これは1988年にリリースされたミニ・アルバム的な盤ですが、全部の楽器を彼一人でやっておりましてねぇ…、ただ者ではない側面を匂わせます。片面3曲ずつの45回転なので短いのですが、音質は最高です。YouTubeにはオルタネート・ミックス等も含めた10曲が上がっております。
この人、Wikipediaを見るとただのドラマーでないことが一目瞭然、理解できます。キーボードも結構上手いことは有名ですが、職業欄にミキシング・エンジニアやマスタリング・エンジニアといった文言まで見えます。

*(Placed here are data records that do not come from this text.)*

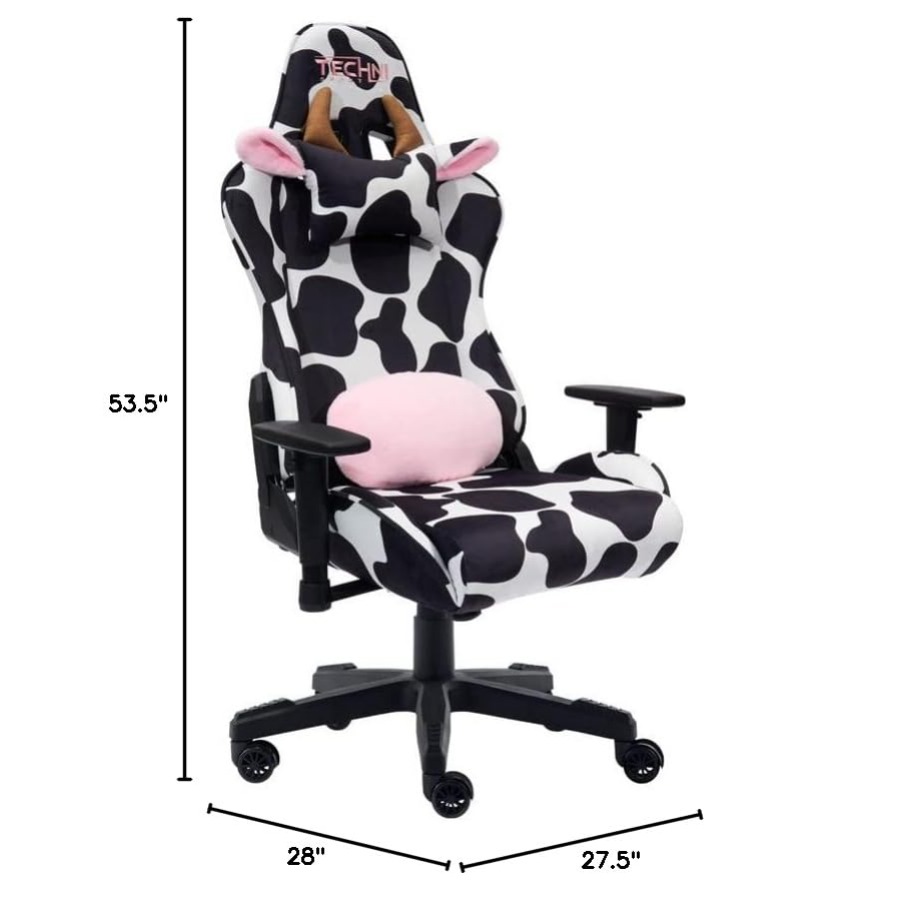 Ev ofis kullanımı için siyah i - Ergonomic Office Chair incelemesi ve fiyatı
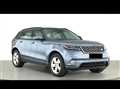 2022 Land Rover Range Rover Velar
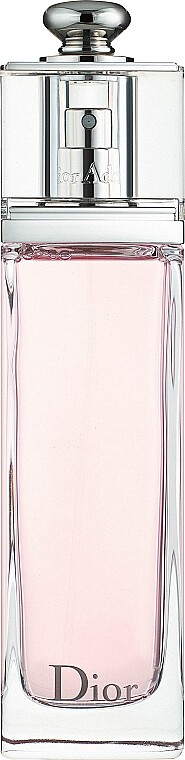 

Туалетная вода Dior Addict Eau Fraiche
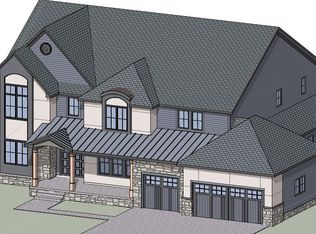 2605 Deborah Dr, Beachwood, OH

マイク・オールドフィールドのレコーディングにドラマーとして参加した時に、エンジニアが解雇されてしまい、残った仕事をぶん投げられたのですが、マニュアルを見ながら最後まで仕上げてしまったということで、ここでスタジオ・ワークが面白くなってしまったようですね。元々エンジニア次第で自分のドラムスの音が変わってしまうことが不満だったようで、しまいにはスタジオを造ってしまいますし、スタジオ内のエンジニアリングを全て自分でやるようになってしまったんですね。…素晴らしいです。

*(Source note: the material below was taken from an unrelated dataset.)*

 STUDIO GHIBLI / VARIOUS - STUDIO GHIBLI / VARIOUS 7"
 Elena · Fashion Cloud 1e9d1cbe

お父さんがジャズ・ミュージシャンで12歳でプロ・デビューしたということで、学校の勉強はあまりしっかりやってないようですが、独学であれ頑張って勉強してものにするような人間が好きでしてねぇ…。16歳でお父さんが亡くなってからは、自力でスタジオ・ミュージシャンとして頭角を現したわけで、頭が下がります。
ドラマーとしては、アタックが強くてメリハリのある叩き方が自分の好みでもあり、実はTOTOの音源に関しては、ジェフ・ポーカロが亡くなって彼にチェンジしてからが非常に好きなんです。残念ながらアナログ盤で聴く時代ではなくなってしまいますが、CDはコンプリートしております。もちろん1980年代のTOTOは好きですけどね。
「Protocol」はアナログ末期のリリースですから、ヘッダー写真の盤は非常にレアかと思います。中身はとても聴き易いメロディアスなインスト・ロックで、ドラマーのソロという印象は薄いです。カーマイン・アピスのソロも同様で、叩き過ぎてないバランスの良さが印象的です。…でも、まあ普通以上にドラムスの音がよく聴こえますけどね。
とにかく叩き過ぎていないということが大事で、曲によっては8ビートのリズムを堅実に刻んでいるだけの部分もあります。それでも、リズムがタイトだからか、聴き終えた瞬間はやっぱりドラムスが耳に残っていたりします。強いて言えば、タイトル・チューンの「プロトコル」はかなり叩きまくっております。エスニックなテイストも面白い曲で、メロディ・パートはシンセにまかせ、それ以外は打楽器アンサンブルのような構成で、さすがといったところです。…やはり上手いドラマーです。